Canadian Official Calls for Removal of Key Software From 737 Max

A manager at Canada’s aviation regulator believes that Boeing should remove software that played a role in two deadly crashes of its 737 Max before the plane is cleared to fly again, according to emails between global aviation regulators this week that were reviewed by The New York Times.

The Max has been grounded since March, days after a crash in Ethiopia. Together, the two accidents killed 346 people and have sent Boeing into a crisis. The company is working furiously to get the Max back in service with a fix to the software system, known as MCAS.

“The only way I see moving forward at this point, is that MCAS has to go,” the official, Jim Marko, the manager in aircraft integration and safety assessment at Transport Canada Civil Aviation, wrote in the email. He sent the email on Tuesday to officials at the Federal Aviation Administration, the European Union Aviation Safety Agency and Brazil’s National Civil Aviation Agency.

At least one F.A.A. manager shares his concerns, according to a separate email reviewed by The Times.

Linh Le, a system safety manager at the F.A.A., shared Mr. Marko’s message with others at the agency. He noted that the Canadian official believed that “MCAS introduces catastrophic hazards that weren’t there before,” that “it and the fix add too much complexity,” that “there have been many revisions to the software” and that “each was a band-aid.”

Mr. Le said he had similar misgivings about Boeing’s proposed fix for the Max. “I have held similar perspective (questioning the need for MCAS, at least from the system safety standpoint),” he said in the email to colleagues. It is unclear whether international regulators will take any action in response to Mr. Marko’s concerns.

In his email, Mr. Marko said he was writing the other regulators because he wanted “to get some confidence back to us all that we as Authorities can sleep at night when that day comes when the MAX returns to service.”

He expressed concern that regulators might accept the update to MCAS even as issues with the fix kept cropping up. “This leaves me with a level of uneasiness that I cannot sit idly by and watch it pass by,” Mr. Marko wrote.

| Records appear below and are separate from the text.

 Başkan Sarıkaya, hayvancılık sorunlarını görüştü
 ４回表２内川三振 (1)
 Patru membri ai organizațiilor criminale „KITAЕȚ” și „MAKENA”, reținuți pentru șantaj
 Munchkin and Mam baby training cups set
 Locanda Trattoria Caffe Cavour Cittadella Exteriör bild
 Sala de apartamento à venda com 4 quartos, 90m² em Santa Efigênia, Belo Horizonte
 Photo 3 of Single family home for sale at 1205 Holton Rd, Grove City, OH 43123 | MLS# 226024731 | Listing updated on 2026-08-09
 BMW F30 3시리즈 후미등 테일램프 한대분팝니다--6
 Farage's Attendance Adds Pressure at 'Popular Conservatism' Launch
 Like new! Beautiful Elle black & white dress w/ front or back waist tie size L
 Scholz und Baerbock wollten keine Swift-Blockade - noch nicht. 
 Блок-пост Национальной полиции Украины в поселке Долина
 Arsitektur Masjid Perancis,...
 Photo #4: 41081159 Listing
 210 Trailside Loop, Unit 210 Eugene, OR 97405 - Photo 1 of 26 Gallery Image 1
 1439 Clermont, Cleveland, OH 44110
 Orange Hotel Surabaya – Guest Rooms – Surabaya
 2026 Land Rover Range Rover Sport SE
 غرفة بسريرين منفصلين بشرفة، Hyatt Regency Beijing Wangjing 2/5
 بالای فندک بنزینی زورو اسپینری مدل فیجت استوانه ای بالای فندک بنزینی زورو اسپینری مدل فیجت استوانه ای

Mr. Marko’s email included a PowerPoint presentation expanding on his argument and outlining how Boeing might remove MCAS from the Max. He noted that public confidence in the Max was “LOW.”

In a statement on Friday, Boeing said, “We continue to work with the F.A.A. and global regulators to provide them the information they are requesting to certify the Max for safe return to service.”

Transport Canada said Friday that Mr. Marko’s position had not been subject to systematic review by the agency.

“The email reflects working-level discussions between highly trained aircraft certification experts of key aviation authorities who have been given wide latitude for assessing all issues and looking at all alternatives for the safe return to service of the aircraft,” Nicholas Robinson, director general of Transport Canada, said in a statement.

An F.A.A. spokesman, Lynn Lunsford, said in a statement: “The F.A.A. and its international partners have engaged in robust discussions at various stages in this process as part of the thorough scrutiny of Boeing’s work. This email is an example of those exchanges.”

The National Civil Aviation Agency of Brazil said it had “received the email and will consider the content along with the studies being conducted on the subject.”

The European Union Aviation Safety Agency did not immediately reply to requests for comment.

International regulators have given no indication that they will require Boeing to remove MCAS from the Max, and Boeing has not proposed that as a potential solution to problems with the plane. Removing MCAS, as Mr. Marko suggests, would further delay the plane’s return.

The 737 Max is Boeing’s best-selling plane. But less than 18 months after it began commercial service, a Max crashed off the coast of Indonesia when MCAS activated because of erroneous data, repeatedly pushing the nose of the plane down. Less than five months later, another Max crashed in Ethiopia under similar circumstances.

After the first crash, Boeing announced that it would update MCAS to make it less powerful and reliant on multiple sensors, instead of just one. But that fix was not completed before the second crash.

Over the past eight months, Boeing has encountered numerous delays as it has worked with the F.A.A. and other global regulators to complete the update to MCAS. The company has been signaling that the F.A.A. could approve the new software as soon as December. But engineers at the agency’s Seattle office have been frustrated in recent months by pressure from the company and their own managers to speed the process along.

Last week, Stephen Dickson, the F.A.A. administrator, acknowledged that some agency employees were feeling pressure to get the Max flying again. He released a video directing employees to “take the time you need” to conduct a methodical review of the plane.